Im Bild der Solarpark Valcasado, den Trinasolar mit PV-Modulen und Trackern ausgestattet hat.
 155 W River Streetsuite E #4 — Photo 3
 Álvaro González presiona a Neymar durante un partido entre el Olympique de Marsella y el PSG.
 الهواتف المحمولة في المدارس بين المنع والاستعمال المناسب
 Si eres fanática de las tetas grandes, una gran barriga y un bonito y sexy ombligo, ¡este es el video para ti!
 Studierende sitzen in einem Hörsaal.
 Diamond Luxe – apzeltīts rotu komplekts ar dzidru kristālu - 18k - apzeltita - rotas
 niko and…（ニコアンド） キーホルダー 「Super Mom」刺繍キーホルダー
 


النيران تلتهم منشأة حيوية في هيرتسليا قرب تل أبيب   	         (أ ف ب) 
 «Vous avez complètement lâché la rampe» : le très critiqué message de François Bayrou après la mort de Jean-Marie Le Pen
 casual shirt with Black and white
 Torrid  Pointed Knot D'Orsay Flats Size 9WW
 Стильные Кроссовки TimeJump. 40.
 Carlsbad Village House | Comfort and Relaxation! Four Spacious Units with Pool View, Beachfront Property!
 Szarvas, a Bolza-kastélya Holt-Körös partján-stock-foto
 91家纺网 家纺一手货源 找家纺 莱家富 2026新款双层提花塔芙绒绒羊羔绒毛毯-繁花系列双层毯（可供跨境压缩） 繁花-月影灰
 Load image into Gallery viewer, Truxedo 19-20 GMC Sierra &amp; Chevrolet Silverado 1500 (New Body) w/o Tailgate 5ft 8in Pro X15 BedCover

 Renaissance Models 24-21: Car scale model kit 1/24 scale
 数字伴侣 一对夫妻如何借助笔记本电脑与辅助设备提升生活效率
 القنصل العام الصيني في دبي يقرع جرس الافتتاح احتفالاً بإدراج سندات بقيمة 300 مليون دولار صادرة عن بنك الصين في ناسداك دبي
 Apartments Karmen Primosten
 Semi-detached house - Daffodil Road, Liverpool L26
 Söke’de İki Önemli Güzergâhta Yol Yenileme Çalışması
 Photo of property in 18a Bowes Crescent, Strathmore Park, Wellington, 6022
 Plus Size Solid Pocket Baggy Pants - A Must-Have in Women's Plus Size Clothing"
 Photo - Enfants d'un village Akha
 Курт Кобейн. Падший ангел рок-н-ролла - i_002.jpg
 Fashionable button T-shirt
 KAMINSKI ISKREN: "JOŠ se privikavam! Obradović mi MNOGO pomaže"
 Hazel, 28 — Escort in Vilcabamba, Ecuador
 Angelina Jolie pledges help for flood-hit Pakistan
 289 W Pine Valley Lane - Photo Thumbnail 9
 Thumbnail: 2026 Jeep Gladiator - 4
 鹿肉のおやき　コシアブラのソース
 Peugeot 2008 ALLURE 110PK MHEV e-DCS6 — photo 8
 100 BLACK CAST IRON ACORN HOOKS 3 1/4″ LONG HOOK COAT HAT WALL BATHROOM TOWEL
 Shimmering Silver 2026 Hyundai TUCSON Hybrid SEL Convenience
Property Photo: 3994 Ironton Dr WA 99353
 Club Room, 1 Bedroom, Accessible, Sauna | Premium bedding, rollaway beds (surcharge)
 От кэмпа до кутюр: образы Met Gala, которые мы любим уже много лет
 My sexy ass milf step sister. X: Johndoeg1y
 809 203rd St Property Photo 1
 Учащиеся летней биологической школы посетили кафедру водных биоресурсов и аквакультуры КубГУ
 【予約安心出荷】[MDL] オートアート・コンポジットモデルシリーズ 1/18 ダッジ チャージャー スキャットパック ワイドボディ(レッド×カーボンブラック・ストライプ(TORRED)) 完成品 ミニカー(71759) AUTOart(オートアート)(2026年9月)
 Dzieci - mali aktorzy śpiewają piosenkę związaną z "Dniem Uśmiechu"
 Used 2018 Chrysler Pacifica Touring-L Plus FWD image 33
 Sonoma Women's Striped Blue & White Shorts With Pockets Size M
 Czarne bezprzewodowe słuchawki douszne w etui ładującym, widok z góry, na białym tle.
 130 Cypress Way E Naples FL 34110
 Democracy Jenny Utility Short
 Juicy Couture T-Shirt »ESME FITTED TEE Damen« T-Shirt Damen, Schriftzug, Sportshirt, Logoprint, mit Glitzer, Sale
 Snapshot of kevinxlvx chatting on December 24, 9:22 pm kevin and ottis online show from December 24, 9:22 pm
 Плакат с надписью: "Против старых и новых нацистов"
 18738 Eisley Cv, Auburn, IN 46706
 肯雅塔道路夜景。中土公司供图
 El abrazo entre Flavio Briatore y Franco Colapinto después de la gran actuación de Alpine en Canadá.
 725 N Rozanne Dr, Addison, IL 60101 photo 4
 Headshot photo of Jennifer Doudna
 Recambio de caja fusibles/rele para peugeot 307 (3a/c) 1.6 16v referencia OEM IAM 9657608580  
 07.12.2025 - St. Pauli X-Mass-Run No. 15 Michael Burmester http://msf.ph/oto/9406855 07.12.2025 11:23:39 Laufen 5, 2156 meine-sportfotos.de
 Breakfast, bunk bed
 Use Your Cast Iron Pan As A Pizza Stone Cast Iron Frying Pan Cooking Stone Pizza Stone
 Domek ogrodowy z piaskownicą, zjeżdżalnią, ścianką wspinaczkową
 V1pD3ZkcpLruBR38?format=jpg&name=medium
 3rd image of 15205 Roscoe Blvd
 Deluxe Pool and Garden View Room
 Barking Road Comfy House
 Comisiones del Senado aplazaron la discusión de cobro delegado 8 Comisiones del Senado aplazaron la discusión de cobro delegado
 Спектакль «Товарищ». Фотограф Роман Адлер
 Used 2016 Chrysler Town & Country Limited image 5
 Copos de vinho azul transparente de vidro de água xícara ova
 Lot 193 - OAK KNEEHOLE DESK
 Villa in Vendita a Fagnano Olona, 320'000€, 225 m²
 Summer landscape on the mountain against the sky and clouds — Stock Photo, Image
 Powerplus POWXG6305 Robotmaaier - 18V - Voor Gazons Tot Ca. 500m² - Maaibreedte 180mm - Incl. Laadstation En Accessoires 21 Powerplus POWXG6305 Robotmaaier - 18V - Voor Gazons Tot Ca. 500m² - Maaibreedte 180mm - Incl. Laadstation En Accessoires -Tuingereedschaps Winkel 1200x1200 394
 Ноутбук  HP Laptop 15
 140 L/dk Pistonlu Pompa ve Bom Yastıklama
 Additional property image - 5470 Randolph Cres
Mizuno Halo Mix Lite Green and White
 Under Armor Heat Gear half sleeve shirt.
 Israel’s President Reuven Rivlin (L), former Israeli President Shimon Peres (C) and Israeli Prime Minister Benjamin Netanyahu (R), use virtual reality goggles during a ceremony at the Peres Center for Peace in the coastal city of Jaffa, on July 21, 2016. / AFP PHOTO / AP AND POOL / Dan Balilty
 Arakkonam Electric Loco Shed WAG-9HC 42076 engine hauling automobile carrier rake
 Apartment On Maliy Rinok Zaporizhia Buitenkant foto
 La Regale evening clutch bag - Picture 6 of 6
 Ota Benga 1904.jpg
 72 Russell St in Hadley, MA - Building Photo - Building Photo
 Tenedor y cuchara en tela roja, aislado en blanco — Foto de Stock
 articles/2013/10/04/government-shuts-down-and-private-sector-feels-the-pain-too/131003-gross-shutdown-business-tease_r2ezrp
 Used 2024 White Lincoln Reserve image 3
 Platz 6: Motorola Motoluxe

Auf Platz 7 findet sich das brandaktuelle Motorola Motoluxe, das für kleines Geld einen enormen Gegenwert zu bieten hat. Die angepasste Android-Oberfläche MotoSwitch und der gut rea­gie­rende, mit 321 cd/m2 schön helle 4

***

### ASSIGNED TASK
The reply should consist solely of the lines above from the one that has "HP Laptop 15" through the one that has "La Regale evening", reproduced exactly.

### SOLVED PROBLEM
 Ноутбук  HP Laptop 15
 140 L/dk Pistonlu Pompa ve Bom Yastıklama
 Additional property image - 5470 Randolph Cres
Mizuno Halo Mix Lite Green and White
 Under Armor Heat Gear half sleeve shirt.
 Israel’s President Reuven Rivlin (L), former Israeli President Shimon Peres (C) and Israeli Prime Minister Benjamin Netanyahu (R), use virtual reality goggles during a ceremony at the Peres Center for Peace in the coastal city of Jaffa, on July 21, 2016. / AFP PHOTO / AP AND POOL / Dan Balilty
 Arakkonam Electric Loco Shed WAG-9HC 42076 engine hauling automobile carrier rake
 Apartment On Maliy Rinok Zaporizhia Buitenkant foto
 La Regale evening clutch bag - Picture 6 of 6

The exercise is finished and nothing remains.